The phrase in to and the word into are not interchangeable. In fact, they have totally different meanings and you're supposed to use them different ways. Honestly, if you use them the wrong way most people aren't going to notice. But if you are on a quest for grammar perfection, you're in the right place. Because I know what the differences between them are.
Not That Into You
Grammatically, saying he's just not that into you is not correct. It should always be in to you. But how do you know the difference?
To get technical about it, into is a preposition. When used in a sentence, it indicates movement. Something is happening when into comes into play. In and to, by contrast, are used to indicate position. It's not quite as confusing as it sounds right now.
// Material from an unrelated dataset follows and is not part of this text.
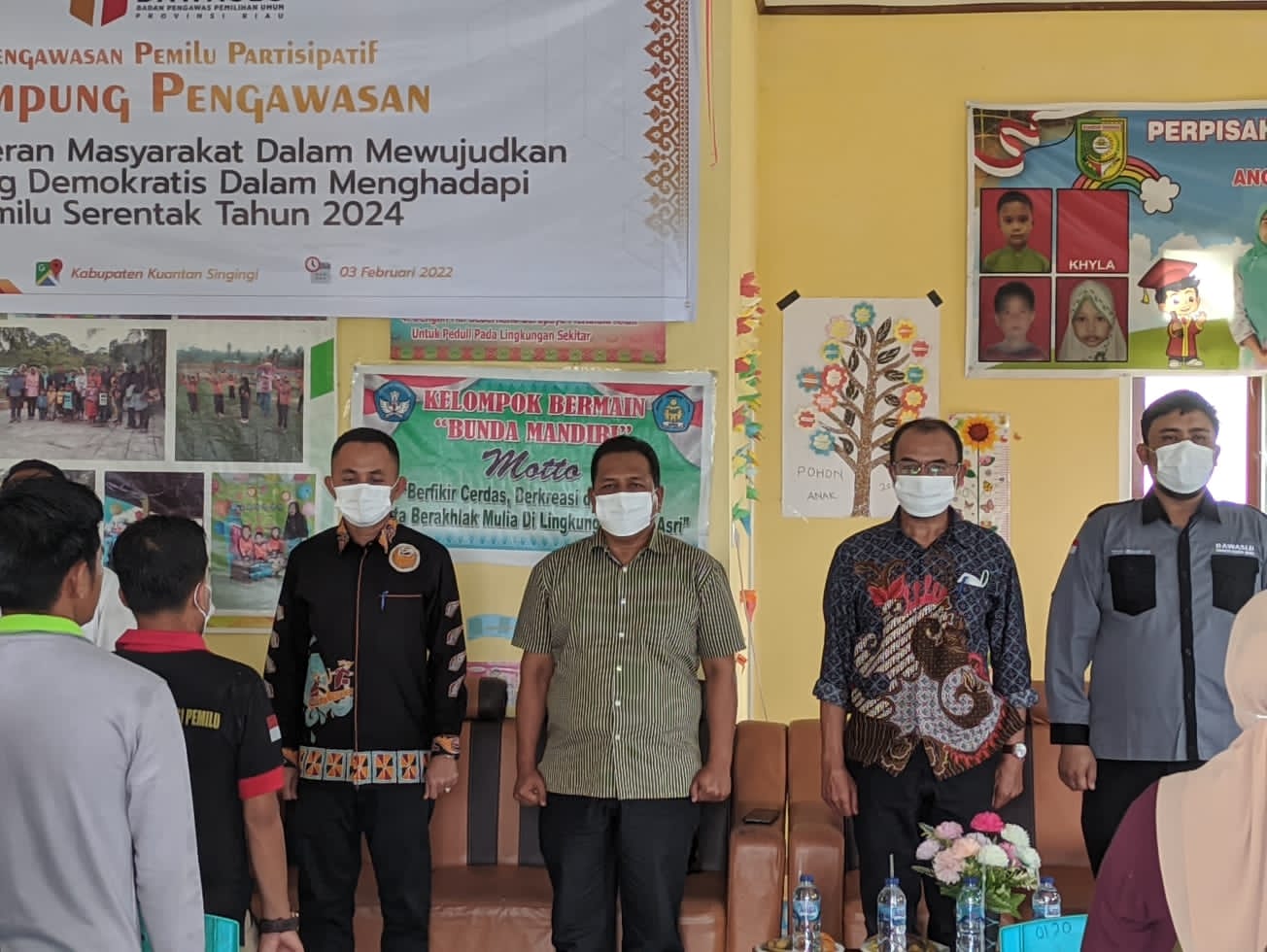 Bawaslu Berharap Asas LUBER dan JURDIL pada Pemilu Dapat Diawasi Langsung Oleh Masyarakat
Into is for movement. Remember that, and it begins to get easier. Let's look at some examples:
She pushed the peg into place.
He reached into the jar.
Harry moved into the bedroom.
When there is no movement in the sentence, you're probably supposed to be using in and to instead. For example:
She saw in to the future, and it's bad.
The peanuts are baked in to the cake.
I said don't look in to the tank.
In and to are used when in is interacting with another word in the sentence. If you looked in or sang in or broke in, the in is attached to that verb. That means it's not with to, and to is just another word in the sentence. And pay attention to the sentences: there's no movement.
Remember that into is in to itself; it makes itself move. In to can't stand alone; it's got to attach to a verb. Stick to the basic rules, and it's much easier to use the right words in the right places.